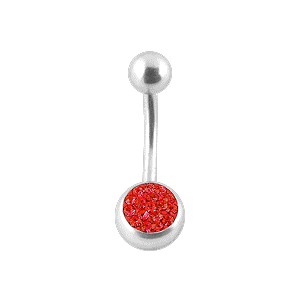 Belly Bar Navel Button Ring w/ Balls & Red Crystal Strass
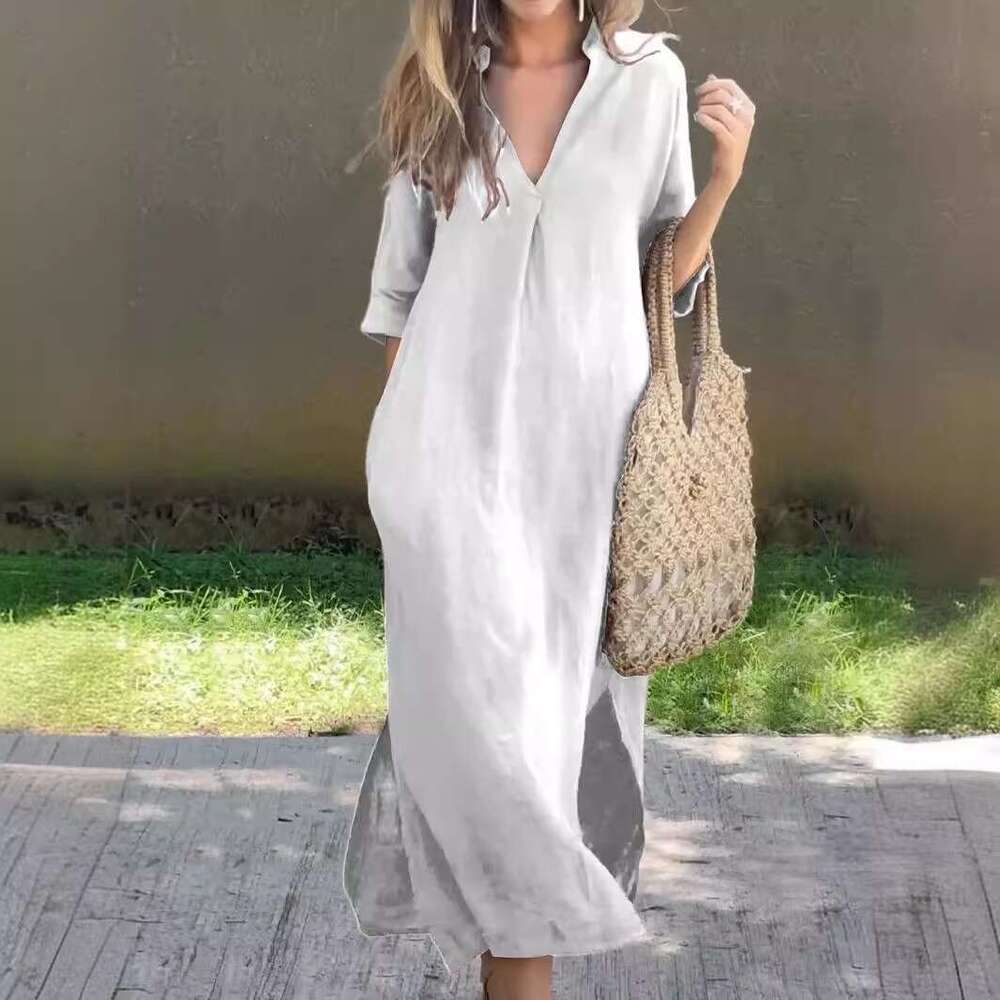 2024 Women's Summer Side slit Pocket V-neck 7-inch Sleeve Chest Crimson Dress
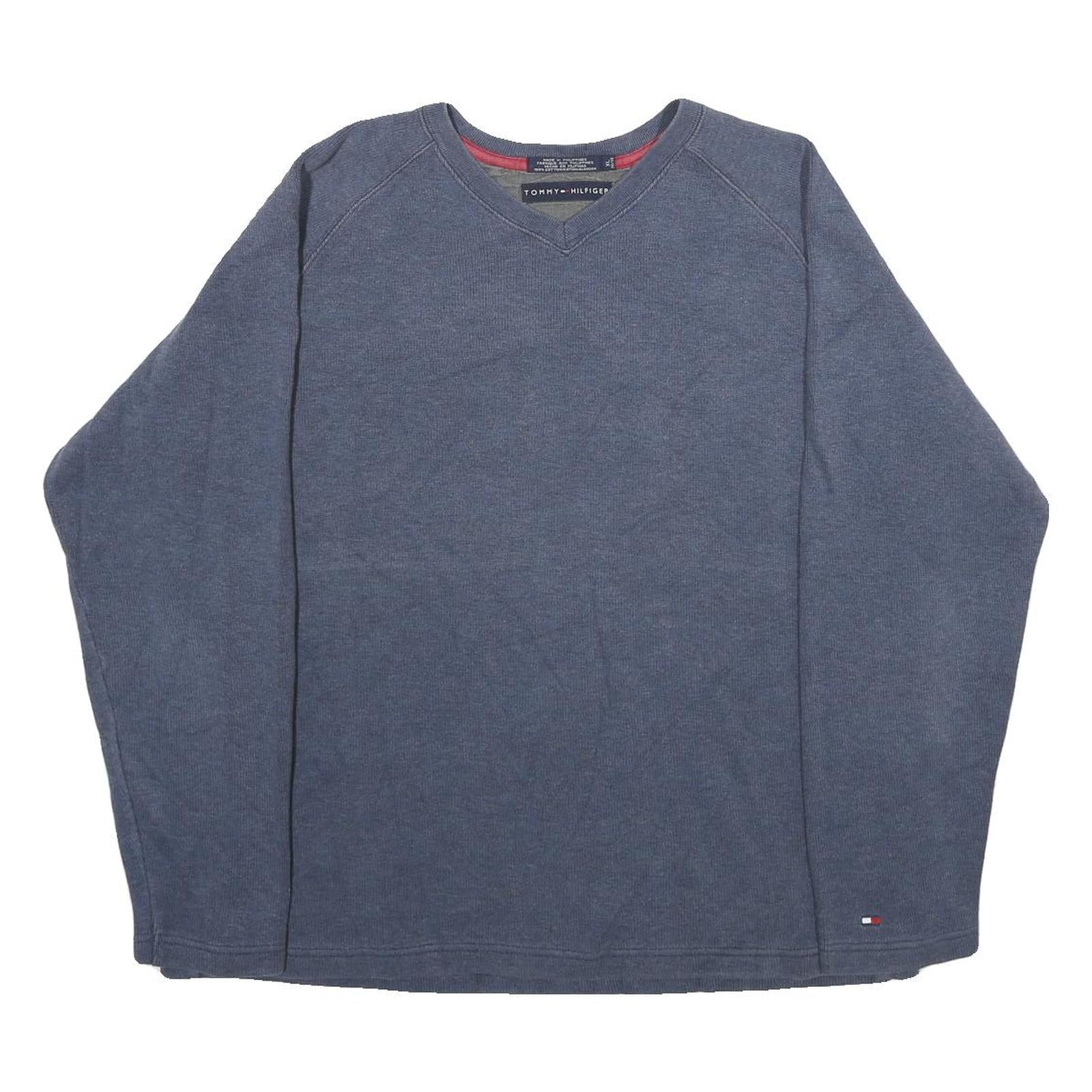 TOMMY HILFIGER Mens Blue V-Neck XL Cotton Sweatshirt Classic Pullover Refurbished - N/A refurbished available on Cerqular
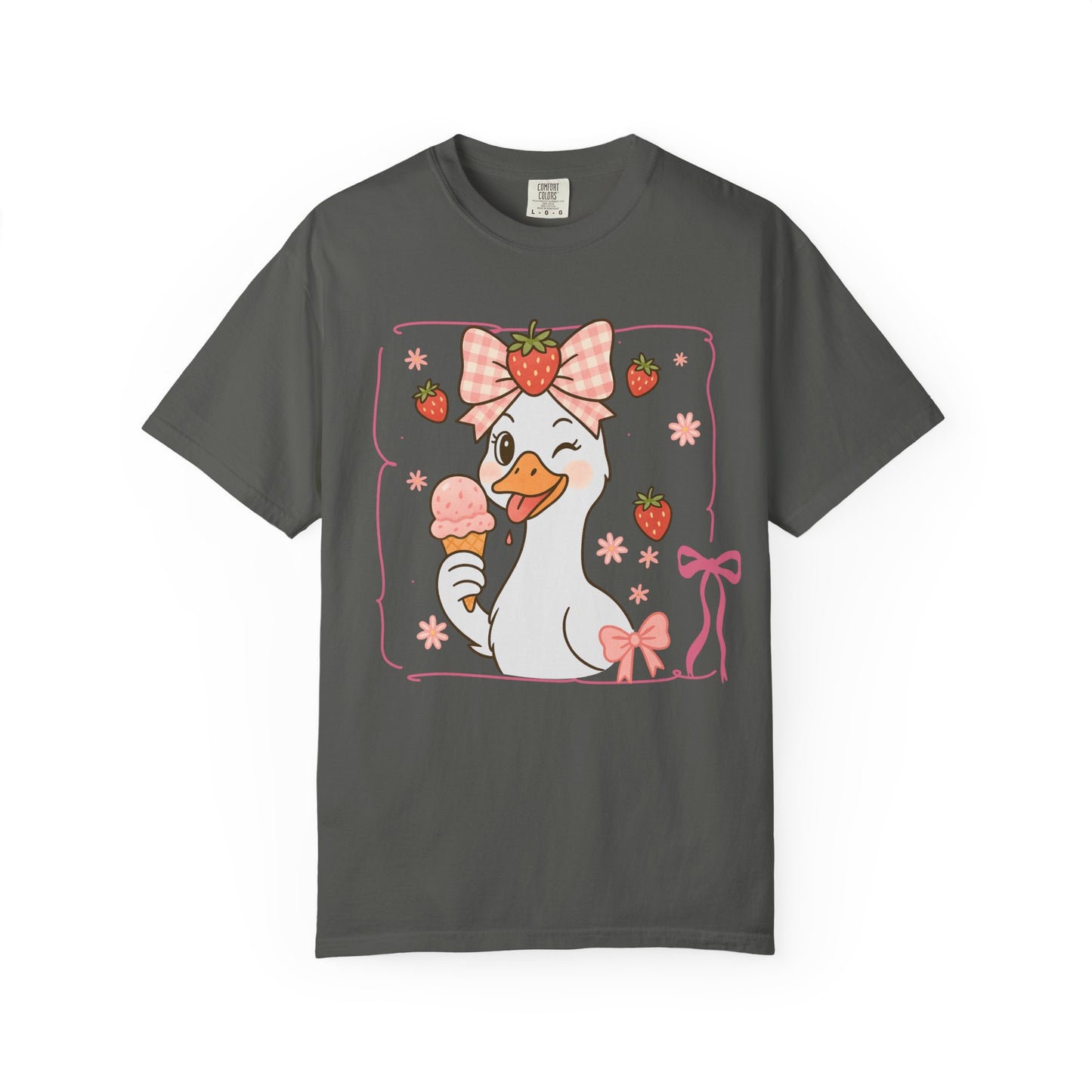 Strawberry Goose Eating Ice Cream Comfort Colors T-Shirt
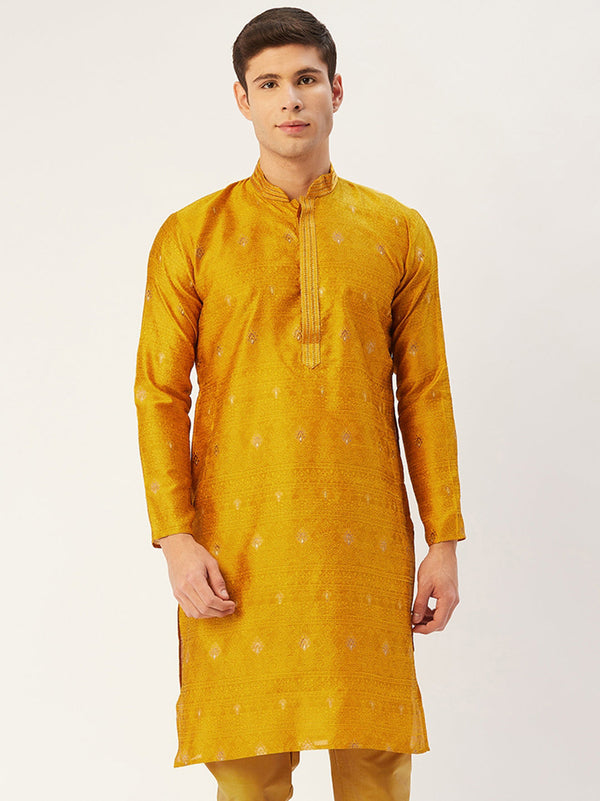 Men's Mustard Coller Embroidered Woven Design Kurta Only ( KO 649 Mustard ) - Virat Fashions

* **What the exercise asks**
Reproduce exactly, and only, the part of the entries above that runs from the line with "Strawberry Goose Eating" to the last line, both included. Pictures stay out.

* **Written answer**
 Strawberry Goose Eating Ice Cream Comfort Colors T-Shirt
 Men's Mustard Coller Embroidered Woven Design Kurta Only ( KO 649 Mustard ) - Virat Fashions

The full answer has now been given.